Title: RE: PSE vs. PD power dissipation again

Dave,
that is a concise summary alright.

One more thing that we should try to consider is the overall market.
We should try to give the best tradeoffs to the center of mass of that market.
Let's try to make the center of mass better.

Otherwise, it is easy for each of us to try to make the spec favor our part of the market (PSE or PD).
Since I would do PSE's, say, I would favor lower PSE cost and higher port density, so option 1.

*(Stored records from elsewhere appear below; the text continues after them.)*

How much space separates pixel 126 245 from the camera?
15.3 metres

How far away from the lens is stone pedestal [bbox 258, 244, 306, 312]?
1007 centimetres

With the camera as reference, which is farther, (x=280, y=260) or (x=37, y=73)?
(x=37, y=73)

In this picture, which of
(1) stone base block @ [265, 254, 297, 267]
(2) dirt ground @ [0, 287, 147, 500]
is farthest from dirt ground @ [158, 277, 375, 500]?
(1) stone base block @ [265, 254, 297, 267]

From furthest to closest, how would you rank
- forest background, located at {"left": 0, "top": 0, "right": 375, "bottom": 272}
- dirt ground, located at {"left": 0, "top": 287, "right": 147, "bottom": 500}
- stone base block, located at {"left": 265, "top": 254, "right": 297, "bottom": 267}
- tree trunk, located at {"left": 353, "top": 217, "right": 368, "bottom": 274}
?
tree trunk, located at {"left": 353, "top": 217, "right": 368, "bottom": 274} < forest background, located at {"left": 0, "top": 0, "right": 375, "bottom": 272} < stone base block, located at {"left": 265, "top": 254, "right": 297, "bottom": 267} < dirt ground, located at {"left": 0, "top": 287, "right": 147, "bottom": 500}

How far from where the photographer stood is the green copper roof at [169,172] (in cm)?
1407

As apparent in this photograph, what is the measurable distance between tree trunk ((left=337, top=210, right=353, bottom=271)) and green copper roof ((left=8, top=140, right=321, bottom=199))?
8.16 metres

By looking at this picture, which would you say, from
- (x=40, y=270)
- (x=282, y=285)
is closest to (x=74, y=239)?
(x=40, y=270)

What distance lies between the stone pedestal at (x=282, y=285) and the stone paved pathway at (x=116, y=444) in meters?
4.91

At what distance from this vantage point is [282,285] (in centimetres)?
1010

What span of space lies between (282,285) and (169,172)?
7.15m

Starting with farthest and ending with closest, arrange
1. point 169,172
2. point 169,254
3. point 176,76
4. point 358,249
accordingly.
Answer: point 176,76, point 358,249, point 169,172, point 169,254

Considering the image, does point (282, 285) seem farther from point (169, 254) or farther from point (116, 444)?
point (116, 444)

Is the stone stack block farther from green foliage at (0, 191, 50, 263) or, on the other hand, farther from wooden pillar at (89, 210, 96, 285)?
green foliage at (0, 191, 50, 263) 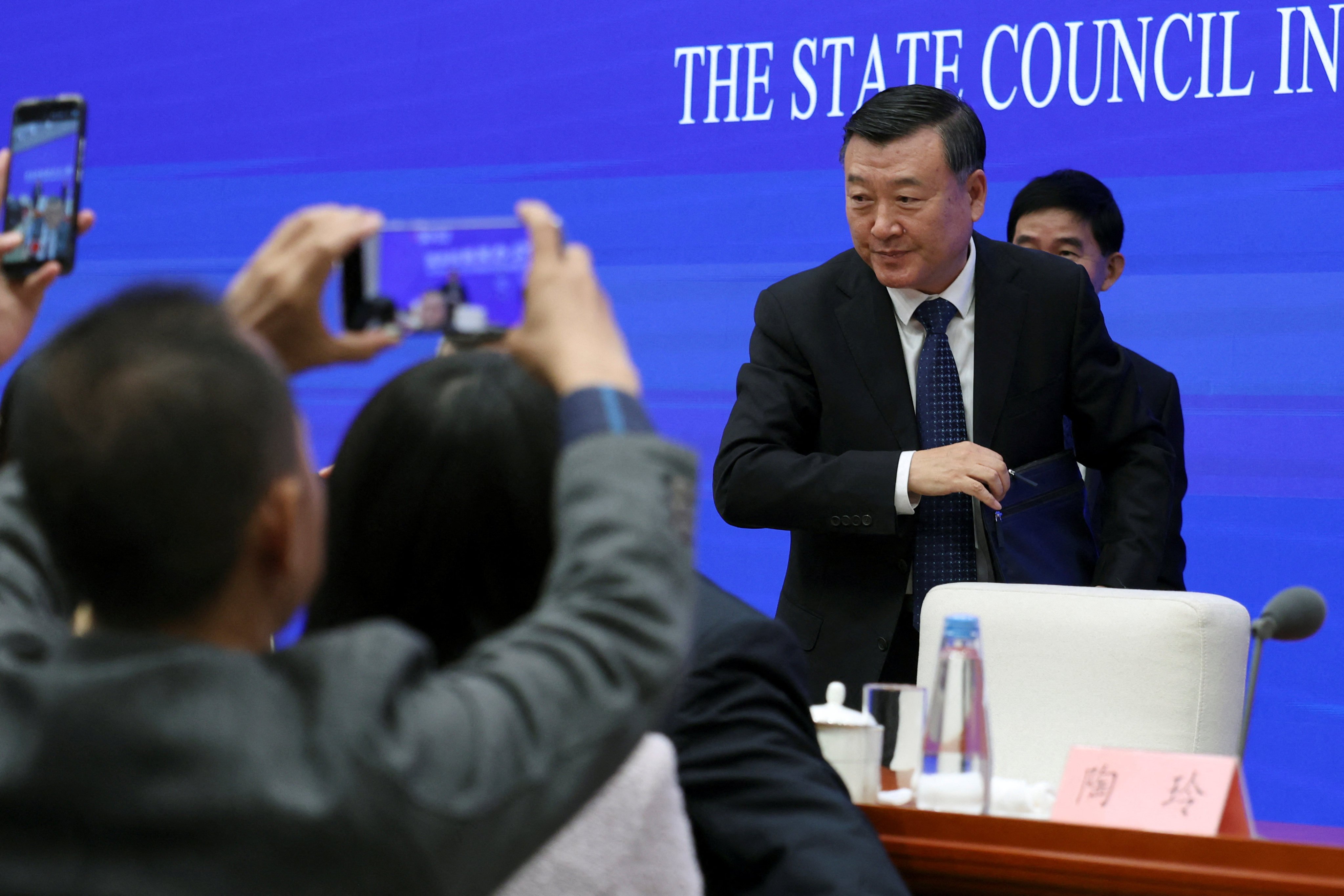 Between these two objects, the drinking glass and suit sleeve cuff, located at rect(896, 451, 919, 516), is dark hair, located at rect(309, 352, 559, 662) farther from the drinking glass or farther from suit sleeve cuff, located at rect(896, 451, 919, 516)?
suit sleeve cuff, located at rect(896, 451, 919, 516)

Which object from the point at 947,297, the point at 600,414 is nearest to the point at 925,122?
the point at 947,297

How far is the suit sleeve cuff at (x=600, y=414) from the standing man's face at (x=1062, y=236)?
232 cm

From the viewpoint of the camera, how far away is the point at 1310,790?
9.80ft

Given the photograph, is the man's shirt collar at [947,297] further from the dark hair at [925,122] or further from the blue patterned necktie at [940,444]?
the dark hair at [925,122]

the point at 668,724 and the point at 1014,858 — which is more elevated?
the point at 668,724

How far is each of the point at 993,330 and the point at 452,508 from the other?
1733mm

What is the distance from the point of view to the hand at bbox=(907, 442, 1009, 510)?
2.21 m

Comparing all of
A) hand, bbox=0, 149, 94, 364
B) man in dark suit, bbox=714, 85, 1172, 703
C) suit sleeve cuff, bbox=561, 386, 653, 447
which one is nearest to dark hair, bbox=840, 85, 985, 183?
man in dark suit, bbox=714, 85, 1172, 703

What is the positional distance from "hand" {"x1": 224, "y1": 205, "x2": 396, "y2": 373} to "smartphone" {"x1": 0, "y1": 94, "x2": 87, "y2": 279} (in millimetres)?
484

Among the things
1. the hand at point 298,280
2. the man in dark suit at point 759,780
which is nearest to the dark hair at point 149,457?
the hand at point 298,280

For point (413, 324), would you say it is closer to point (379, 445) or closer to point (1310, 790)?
point (379, 445)

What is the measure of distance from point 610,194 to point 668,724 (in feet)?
8.68

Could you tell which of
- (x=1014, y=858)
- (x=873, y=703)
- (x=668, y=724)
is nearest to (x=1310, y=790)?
(x=873, y=703)

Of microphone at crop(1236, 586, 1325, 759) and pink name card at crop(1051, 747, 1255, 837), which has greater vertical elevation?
microphone at crop(1236, 586, 1325, 759) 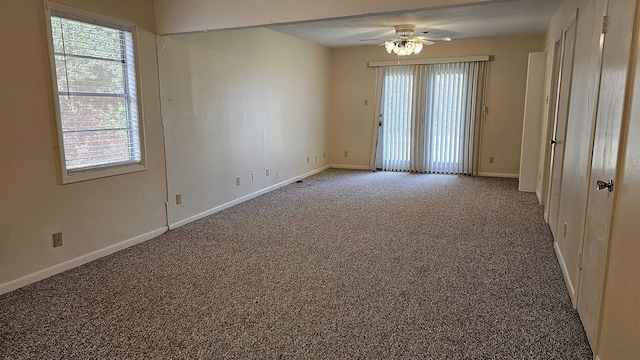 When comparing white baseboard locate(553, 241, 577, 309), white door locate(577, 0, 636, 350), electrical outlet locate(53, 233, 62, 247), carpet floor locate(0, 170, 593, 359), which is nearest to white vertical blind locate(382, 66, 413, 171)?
carpet floor locate(0, 170, 593, 359)

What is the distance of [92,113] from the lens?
3.50 meters

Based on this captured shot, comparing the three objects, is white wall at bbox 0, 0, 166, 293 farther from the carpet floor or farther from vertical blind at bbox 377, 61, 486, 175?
vertical blind at bbox 377, 61, 486, 175

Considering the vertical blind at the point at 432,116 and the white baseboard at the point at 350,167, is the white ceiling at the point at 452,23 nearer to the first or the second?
the vertical blind at the point at 432,116

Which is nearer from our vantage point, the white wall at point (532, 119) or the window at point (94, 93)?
the window at point (94, 93)

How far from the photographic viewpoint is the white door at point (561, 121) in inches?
139

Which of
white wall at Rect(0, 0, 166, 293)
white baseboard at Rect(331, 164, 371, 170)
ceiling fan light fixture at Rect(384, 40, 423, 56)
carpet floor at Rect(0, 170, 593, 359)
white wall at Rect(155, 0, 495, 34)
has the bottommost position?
carpet floor at Rect(0, 170, 593, 359)

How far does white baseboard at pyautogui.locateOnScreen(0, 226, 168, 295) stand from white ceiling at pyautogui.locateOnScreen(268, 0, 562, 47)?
2965 millimetres

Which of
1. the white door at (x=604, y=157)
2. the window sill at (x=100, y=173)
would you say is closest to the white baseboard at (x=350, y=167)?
the window sill at (x=100, y=173)

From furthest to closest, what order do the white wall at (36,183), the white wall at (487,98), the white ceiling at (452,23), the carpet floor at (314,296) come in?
the white wall at (487,98), the white ceiling at (452,23), the white wall at (36,183), the carpet floor at (314,296)

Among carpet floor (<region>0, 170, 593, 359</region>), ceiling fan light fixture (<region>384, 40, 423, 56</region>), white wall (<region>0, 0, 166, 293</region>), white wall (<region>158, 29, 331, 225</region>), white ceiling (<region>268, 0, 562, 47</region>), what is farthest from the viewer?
ceiling fan light fixture (<region>384, 40, 423, 56</region>)

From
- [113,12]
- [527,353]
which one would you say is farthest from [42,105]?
[527,353]

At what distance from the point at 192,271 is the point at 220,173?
6.91 ft

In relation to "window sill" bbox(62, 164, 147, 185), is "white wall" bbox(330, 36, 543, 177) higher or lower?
higher

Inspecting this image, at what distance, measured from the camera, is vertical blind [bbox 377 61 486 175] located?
7.35m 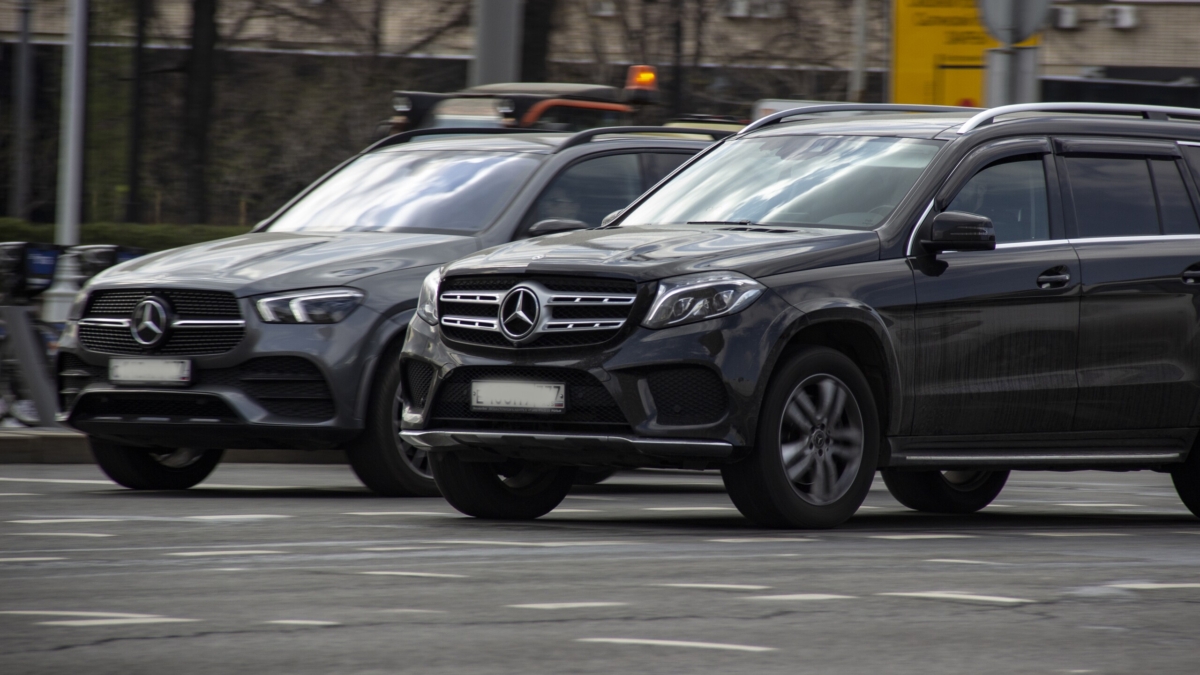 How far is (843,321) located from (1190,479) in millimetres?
2427

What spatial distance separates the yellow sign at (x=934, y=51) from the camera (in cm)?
1806

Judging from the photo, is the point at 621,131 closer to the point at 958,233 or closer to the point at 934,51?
the point at 958,233

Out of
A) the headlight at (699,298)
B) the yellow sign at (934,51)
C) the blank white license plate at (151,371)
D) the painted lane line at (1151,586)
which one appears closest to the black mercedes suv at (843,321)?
the headlight at (699,298)

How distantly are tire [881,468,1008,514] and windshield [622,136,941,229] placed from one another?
1.81 metres

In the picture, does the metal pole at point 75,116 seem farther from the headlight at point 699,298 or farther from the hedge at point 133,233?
the hedge at point 133,233

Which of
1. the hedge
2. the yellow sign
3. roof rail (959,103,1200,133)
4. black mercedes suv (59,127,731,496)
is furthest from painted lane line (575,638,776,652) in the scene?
the hedge

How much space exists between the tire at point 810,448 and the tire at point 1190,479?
2.07 meters

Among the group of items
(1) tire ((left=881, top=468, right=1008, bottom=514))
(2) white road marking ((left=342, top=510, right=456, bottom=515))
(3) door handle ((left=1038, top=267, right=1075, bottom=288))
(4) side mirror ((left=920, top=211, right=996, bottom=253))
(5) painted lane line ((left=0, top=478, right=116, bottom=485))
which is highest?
(4) side mirror ((left=920, top=211, right=996, bottom=253))

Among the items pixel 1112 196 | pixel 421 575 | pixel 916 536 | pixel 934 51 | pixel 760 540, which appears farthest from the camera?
pixel 934 51

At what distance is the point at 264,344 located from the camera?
9.67 metres

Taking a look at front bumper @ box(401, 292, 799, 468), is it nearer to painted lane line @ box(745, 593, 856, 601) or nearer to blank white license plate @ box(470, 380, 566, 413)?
blank white license plate @ box(470, 380, 566, 413)

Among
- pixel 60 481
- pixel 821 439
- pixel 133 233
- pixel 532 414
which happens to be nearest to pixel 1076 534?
pixel 821 439

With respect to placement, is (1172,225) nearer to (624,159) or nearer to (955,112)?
(955,112)

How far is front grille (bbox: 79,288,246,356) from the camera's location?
9719mm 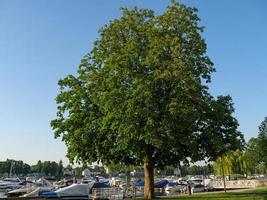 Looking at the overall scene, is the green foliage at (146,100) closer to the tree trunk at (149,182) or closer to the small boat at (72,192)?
the tree trunk at (149,182)

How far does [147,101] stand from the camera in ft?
97.6

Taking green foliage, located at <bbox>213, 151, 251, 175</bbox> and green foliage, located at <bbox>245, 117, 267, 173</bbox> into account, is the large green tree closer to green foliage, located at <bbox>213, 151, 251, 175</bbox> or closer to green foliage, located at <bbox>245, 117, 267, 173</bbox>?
green foliage, located at <bbox>245, 117, 267, 173</bbox>

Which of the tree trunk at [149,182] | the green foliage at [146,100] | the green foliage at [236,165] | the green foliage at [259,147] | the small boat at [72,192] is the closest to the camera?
the green foliage at [146,100]

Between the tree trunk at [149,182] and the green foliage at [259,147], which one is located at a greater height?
the green foliage at [259,147]

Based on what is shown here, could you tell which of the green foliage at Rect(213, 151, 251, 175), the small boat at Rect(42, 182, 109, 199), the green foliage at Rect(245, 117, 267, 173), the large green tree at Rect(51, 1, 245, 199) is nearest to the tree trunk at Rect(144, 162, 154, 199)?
the large green tree at Rect(51, 1, 245, 199)

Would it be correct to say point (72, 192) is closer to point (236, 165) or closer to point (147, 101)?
point (147, 101)

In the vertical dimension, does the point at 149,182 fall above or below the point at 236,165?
below

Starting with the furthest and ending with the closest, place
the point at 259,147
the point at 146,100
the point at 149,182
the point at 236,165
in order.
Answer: the point at 236,165, the point at 259,147, the point at 149,182, the point at 146,100

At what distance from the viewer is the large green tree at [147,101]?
30188 mm

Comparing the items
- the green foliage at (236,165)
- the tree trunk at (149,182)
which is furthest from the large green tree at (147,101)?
the green foliage at (236,165)

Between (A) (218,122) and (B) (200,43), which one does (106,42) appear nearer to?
(B) (200,43)

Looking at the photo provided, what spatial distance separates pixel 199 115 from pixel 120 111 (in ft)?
20.7

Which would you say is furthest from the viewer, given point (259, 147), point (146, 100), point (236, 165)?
point (236, 165)

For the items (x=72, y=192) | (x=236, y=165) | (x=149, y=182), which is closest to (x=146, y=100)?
(x=149, y=182)
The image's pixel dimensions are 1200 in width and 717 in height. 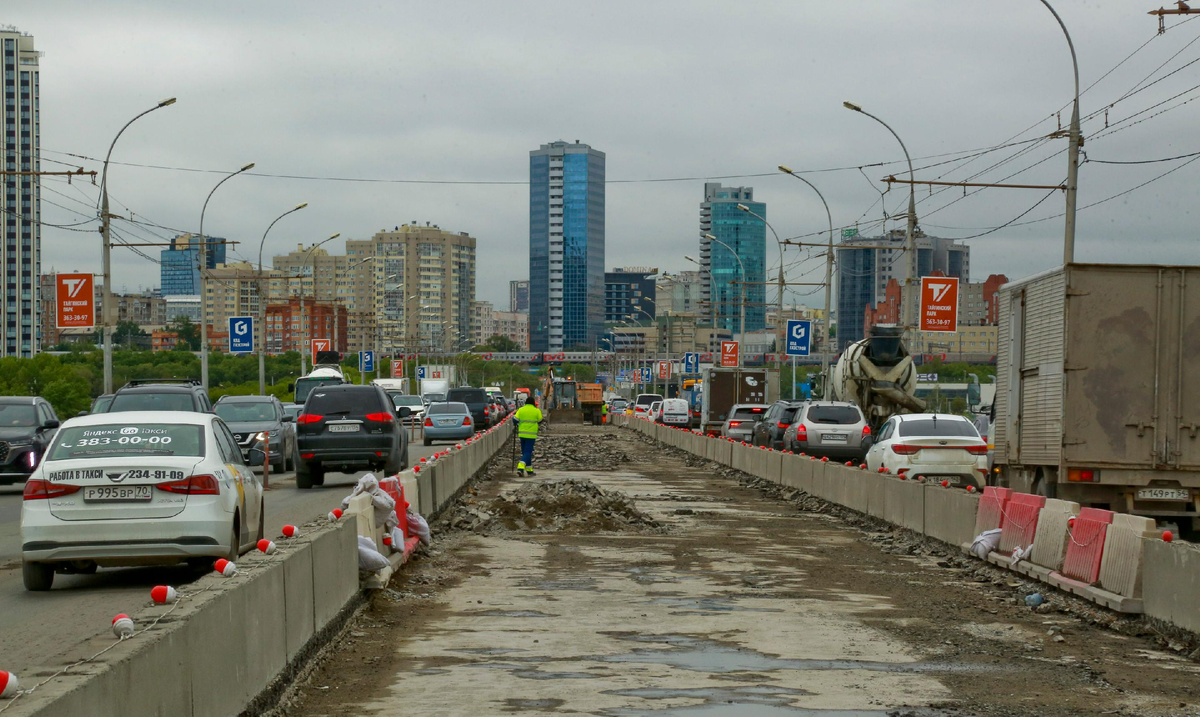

In a way, I hate to ask for marketing input here, but that might be the best way to help
to choose the best of the 2 options.

For example:
If we all think that the largest part of the market will be rather large PD's (maybe 8 to 12 watts)
that need a big input capacitors, then Option 2 might be the best.

If we all think that the PD designs will be all over the map in terms of power
and required DC/DC capacitance, then option 1 might be the best.
I'm talking here about numbers of units shipped, not just the fact that there will be 1W PD's and 12W PD's.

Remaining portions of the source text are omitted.